Additionally, all assets owned by the deceased are deemed to be sold immediately prior to death at their fair market value. The resulting capital gains must be included in this terminal personal tax return. This includes real property (most significantly cottages or secondary properties not sheltered by the principal residence exemption), investments and shares of any private businesses. The full amount of all RRSPs also becomes income in this return.
These rules lead to the largest tax obligation for most estates.
However, if all assets are left to a spouse in the Will, the assets can be rolled over at cost, thereby avoiding the capital gains and the resulting tax in this return.
For the year of death the executor has a few optional personal income tax returns that they can elect to use.
The most commonly used optional return is known as the Rights or Things return. Included in this return is income earned and payable at the time of death for which payment had not been received by the deceased. Most frequently this includes pension benefits (CPP and OAS) and dividends from investments, but can also include unpaid salary or commissions.
These optional returns present an opportunity to double up on some personal tax credits as well as additional access to marginal tax rates. These result in tax savings on income that would otherwise be reported on the terminal tax return.
Starting the day after death, any income earned is income to the estate and therefore gets reported and taxed separately in the name of the Estate.

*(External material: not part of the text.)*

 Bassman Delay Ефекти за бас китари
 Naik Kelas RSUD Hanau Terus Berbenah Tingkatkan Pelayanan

For 36 months following the date of death the income can be taxed as part of the Graduated Rate Estate. Under this classification income is taxed at the same marginal rates as individuals. This time period gives the executor opportunity to administer the estate and dispose of the assets or transfer them to the beneficiaries.

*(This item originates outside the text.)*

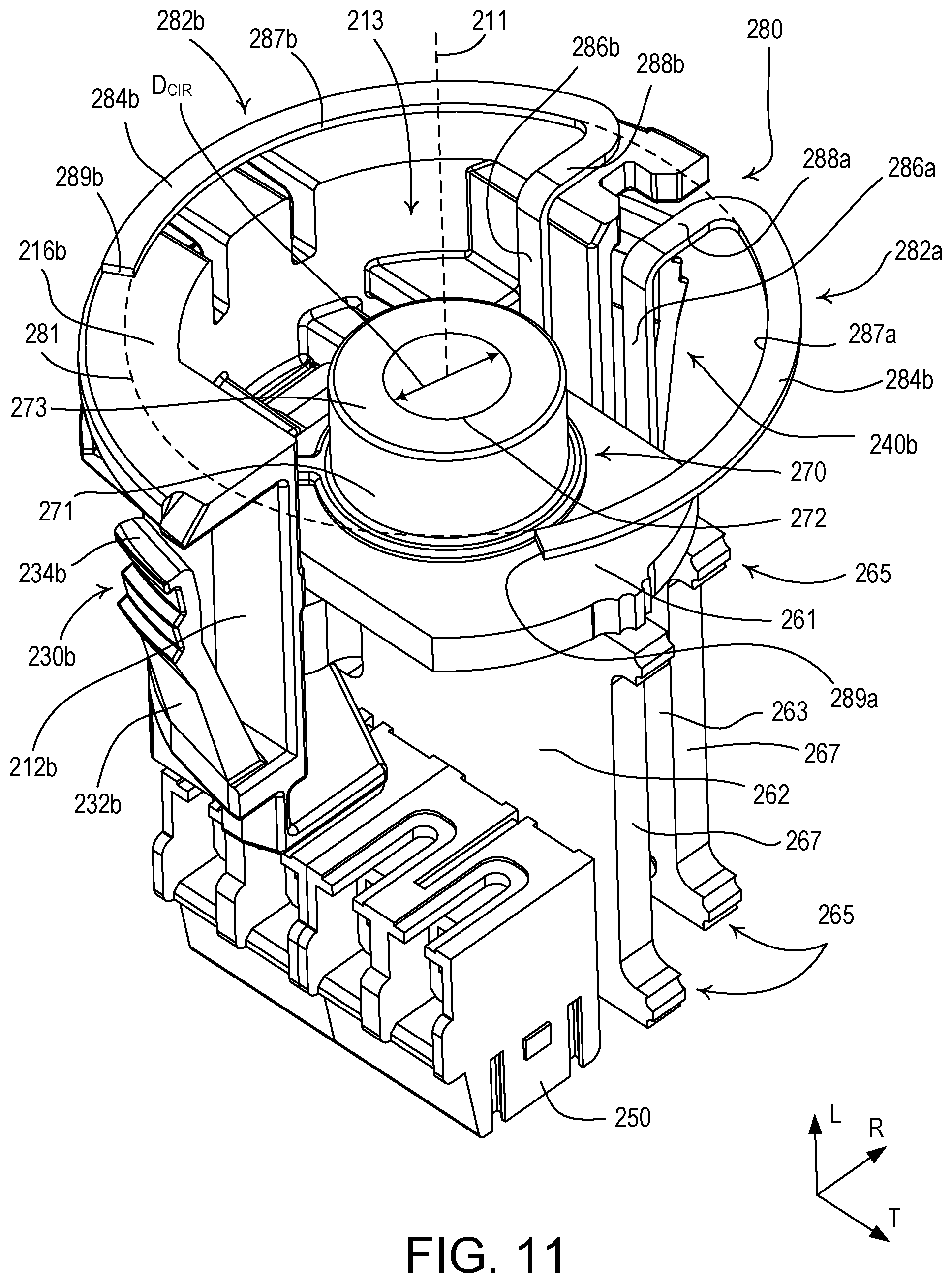 Patent US12092304 Figure 11 – Control module for a lighting fixture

Estate returns must be filed annually, but the year-end date can be chosen (does not have to be calendar).
If the Will calls for the creation of separate trusts, these must be established separately and have their own reporting and tax requirements.
As the executor you are responsible and liable for all the taxes and debts of the deceased. Therefore if you distribute the estate funds to the beneficiaries prior to ensuring all tax debts are paid, you will be held personally responsible for paying the taxes.
To mitigate this liability somewhat you can apply for a “Clearance Certificate” once all the necessary tax returns have been filed and assessed.
A clearance certificate is Canada Revenue Agency’s confirmation that required returns have been filed, assessed and tax obligations paid.
Estate Administration Tax
This is a provincial tax that varies by province (previously known as “Probate Fees”).
This is not an income based tax, but a tax that is assessed on the value of the estate at the time of death. This tax is required in order to have the Courts certify the appointment of the estate executor.
The tax obligations of an estate are numerous and as the executor you are responsible for all of them. It is important to know your responsibilities and be compliant with them.